First, we carry out differential expression testing “by hand”. We fit
a quasipoisson GLM of each test set gene onto the pseudotime computed
from the training set. (We choose quasipoisson since this is the default
family for the fit_models()
function in Monocle3.) For
computational efficiency, we only do this for the first 500 genes. We
include the size factors estimated on the training as offsets in the
regression.
pseudotime.train <- pseudotime(cds_train)
sf.train <- colData(cds_train)$Size_Factor
results <- apply(Xtest[1:500,], 1, function(u) summary(glm(u~pseudotime.train, offset = log(sf.train), family="quasipoisson"))$coefficients[2,2])
head(results, n=10)
## WBGene00010957 WBGene00010958 WBGene00010959 WBGene00010960 WBGene00010961
## 0.001890245 0.006411465 0.002208787 0.002007567 0.004345681
## WBGene00000829 WBGene00010962 WBGene00010963 WBGene00010964 WBGene00010965
## 0.002515883 0.001990105 0.003296668 0.002181367 0.001858456
The results above show the differential expression p-value for each of the first 10 genes in the dataset.
This section follows the “finding genes that change as a function of
pseudotime” section
of the Monocle3 vignette. The differential expression testing method
recommended in the Monocle3 tutorial is graph_test()
, which
uses Moran’s I statistics to test if cells that are adjacent in
pseudotime space have similar expression values for certain genes.
In this section, we will need our test set to be stored in a
cell_data_set
that contains the test set counts. We need
this object to store the training set graph. To accomplish this, we make
a copy of cds_train
and only update the counts.
cds_test <- cds_train
counts(cds_test) <- Xtest
We now run the graph_test
function, which is the
preferred Monocle3 methodology for finding genes that vary across
pseudotime.
ciliated_cds_pr_test_res <- graph_test(cds_test, neighbor_graph="principal_graph", cores=4)

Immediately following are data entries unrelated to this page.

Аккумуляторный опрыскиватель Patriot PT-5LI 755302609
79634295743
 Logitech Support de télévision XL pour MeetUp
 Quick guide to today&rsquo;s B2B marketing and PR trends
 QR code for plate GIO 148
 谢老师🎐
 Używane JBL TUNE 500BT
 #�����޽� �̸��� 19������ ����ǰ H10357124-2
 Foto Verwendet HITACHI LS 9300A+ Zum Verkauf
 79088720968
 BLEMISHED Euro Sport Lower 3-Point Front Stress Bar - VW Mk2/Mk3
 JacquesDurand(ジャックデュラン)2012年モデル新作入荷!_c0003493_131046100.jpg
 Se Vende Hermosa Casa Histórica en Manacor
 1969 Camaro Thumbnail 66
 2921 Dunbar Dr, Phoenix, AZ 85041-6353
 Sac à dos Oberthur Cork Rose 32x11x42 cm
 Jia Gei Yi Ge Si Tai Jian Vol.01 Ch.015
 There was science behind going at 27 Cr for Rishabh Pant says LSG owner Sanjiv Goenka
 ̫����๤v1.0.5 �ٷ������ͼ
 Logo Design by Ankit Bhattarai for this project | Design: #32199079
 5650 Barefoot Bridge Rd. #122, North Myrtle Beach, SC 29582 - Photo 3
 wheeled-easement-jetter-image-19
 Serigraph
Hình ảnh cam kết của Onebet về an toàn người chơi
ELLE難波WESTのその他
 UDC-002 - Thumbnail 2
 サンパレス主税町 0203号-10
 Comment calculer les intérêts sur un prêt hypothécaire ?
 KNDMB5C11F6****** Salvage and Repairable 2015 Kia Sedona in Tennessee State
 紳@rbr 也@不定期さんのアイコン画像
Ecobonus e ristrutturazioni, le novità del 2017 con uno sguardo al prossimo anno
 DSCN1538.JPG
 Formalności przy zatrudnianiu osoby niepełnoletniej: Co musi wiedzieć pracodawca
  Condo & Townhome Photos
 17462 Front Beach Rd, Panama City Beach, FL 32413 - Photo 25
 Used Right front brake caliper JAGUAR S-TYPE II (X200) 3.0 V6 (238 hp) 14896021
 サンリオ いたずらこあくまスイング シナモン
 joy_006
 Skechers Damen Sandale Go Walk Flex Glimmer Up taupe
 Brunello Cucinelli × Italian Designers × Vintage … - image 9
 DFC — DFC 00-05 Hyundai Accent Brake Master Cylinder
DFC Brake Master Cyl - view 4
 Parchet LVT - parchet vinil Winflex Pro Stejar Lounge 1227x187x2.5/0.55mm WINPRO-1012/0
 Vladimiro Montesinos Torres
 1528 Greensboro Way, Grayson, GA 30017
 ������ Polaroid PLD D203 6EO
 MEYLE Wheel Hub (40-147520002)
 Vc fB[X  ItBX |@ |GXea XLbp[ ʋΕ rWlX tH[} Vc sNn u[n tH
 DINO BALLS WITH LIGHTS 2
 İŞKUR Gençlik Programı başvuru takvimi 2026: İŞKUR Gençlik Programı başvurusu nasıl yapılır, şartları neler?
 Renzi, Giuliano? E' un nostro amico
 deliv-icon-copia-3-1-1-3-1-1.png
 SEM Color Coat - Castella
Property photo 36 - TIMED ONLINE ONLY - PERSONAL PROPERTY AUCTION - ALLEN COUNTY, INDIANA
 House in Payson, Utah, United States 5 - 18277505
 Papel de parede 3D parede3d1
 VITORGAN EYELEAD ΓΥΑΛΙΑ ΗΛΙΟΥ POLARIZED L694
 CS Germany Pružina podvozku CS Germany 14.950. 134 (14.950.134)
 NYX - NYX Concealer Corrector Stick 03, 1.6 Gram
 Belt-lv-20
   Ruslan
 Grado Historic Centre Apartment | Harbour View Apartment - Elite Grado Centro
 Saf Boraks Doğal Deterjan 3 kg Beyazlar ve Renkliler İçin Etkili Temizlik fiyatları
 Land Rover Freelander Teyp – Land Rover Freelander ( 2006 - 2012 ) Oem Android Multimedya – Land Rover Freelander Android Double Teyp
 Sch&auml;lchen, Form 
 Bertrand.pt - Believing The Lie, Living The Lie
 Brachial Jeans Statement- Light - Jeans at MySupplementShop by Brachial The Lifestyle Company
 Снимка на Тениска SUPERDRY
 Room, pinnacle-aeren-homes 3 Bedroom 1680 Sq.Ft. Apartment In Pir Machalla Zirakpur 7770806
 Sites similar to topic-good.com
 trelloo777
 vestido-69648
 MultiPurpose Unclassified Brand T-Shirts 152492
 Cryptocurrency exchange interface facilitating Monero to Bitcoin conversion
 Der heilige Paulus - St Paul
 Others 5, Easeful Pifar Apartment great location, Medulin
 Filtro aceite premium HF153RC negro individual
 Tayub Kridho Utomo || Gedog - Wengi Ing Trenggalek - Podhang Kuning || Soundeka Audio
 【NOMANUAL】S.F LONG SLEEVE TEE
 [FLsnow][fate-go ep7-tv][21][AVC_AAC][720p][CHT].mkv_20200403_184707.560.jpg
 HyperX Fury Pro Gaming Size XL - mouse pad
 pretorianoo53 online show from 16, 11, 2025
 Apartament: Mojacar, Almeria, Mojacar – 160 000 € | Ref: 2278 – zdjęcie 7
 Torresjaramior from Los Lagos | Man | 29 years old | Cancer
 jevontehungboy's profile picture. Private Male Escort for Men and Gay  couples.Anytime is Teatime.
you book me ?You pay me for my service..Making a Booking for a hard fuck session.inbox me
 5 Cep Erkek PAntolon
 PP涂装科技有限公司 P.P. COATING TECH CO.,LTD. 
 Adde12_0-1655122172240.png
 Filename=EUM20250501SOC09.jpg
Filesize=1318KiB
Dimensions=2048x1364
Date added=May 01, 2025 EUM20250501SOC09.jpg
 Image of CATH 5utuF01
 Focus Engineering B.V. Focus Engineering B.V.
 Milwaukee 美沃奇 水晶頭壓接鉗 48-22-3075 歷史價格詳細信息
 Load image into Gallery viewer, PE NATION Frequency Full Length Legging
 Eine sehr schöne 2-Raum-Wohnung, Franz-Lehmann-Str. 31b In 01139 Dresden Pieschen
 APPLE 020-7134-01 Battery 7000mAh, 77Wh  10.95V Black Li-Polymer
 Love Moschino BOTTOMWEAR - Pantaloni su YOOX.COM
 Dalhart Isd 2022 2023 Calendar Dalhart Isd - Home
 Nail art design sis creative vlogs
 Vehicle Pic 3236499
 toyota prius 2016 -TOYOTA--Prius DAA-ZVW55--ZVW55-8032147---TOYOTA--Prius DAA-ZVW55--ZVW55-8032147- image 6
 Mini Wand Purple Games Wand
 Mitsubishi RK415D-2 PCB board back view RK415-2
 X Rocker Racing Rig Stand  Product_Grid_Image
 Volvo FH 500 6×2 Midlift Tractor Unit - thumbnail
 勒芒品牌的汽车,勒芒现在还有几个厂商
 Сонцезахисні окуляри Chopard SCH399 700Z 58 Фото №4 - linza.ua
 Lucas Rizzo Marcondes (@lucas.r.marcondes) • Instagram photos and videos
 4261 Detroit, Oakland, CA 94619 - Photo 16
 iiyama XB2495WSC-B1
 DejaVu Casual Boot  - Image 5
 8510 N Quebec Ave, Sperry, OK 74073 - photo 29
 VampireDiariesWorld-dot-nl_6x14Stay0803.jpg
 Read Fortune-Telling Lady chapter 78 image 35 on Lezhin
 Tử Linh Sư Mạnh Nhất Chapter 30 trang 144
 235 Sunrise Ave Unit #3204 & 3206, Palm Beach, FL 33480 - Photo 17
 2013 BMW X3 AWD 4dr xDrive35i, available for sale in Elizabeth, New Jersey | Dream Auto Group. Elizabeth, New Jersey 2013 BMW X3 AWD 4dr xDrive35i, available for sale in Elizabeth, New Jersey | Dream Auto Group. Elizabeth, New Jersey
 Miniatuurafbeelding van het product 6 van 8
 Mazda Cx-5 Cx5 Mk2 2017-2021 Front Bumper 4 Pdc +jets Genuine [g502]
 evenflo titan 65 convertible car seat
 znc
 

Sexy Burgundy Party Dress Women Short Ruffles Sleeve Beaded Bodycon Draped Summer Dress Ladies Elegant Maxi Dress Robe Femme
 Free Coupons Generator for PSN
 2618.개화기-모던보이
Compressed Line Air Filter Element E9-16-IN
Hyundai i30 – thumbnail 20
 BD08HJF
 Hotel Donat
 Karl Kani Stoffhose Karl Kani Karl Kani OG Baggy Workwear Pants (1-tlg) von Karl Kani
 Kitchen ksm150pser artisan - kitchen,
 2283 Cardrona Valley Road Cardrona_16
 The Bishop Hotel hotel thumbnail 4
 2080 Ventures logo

pr_deg_ids <- row.names(subset(ciliated_cds_pr_test_res, q_value < 0.0005))
Here are a couple of interesting genes that score as highly
significant according to graph_test()
, both in our analysis
and in the analysis in the Monocle3 vignette. We can see that the
expression levels of these genes do vary a lot in pseudotime space
(these genes are highly expressed in very specific regions of the
graph).
plot_cells(cds_test, genes=c("hlh-4", "gcy-8", "dac-1", "oig-8"),
show_trajectory_graph=FALSE,
label_cell_groups=FALSE,
label_leaves=FALSE)
We can also select specific genes and plot their expression across
pseudotime. As in the Monocle3 vignette, we see that all three of these
genes get “activated” midway through the trajectory, but
dac-1
is activated slightly before the others.
AFD_genes <- c("gcy-8", "dac-1", "oig-8")
AFD_lineage_cds <- cds_test[rowData(cds_test)$gene_short_name %in% AFD_genes,
colData(cds_test)$cell.type %in% c("AFD")]
plot_genes_in_pseudotime(AFD_lineage_cds, color_cells_by="embryo.time.bin",min_expr=0.5)
The analysis in this tutorial identifies differentially expressed genes without double dipping in the data, and thus improves upon the analysis in the Monocle3 vignette.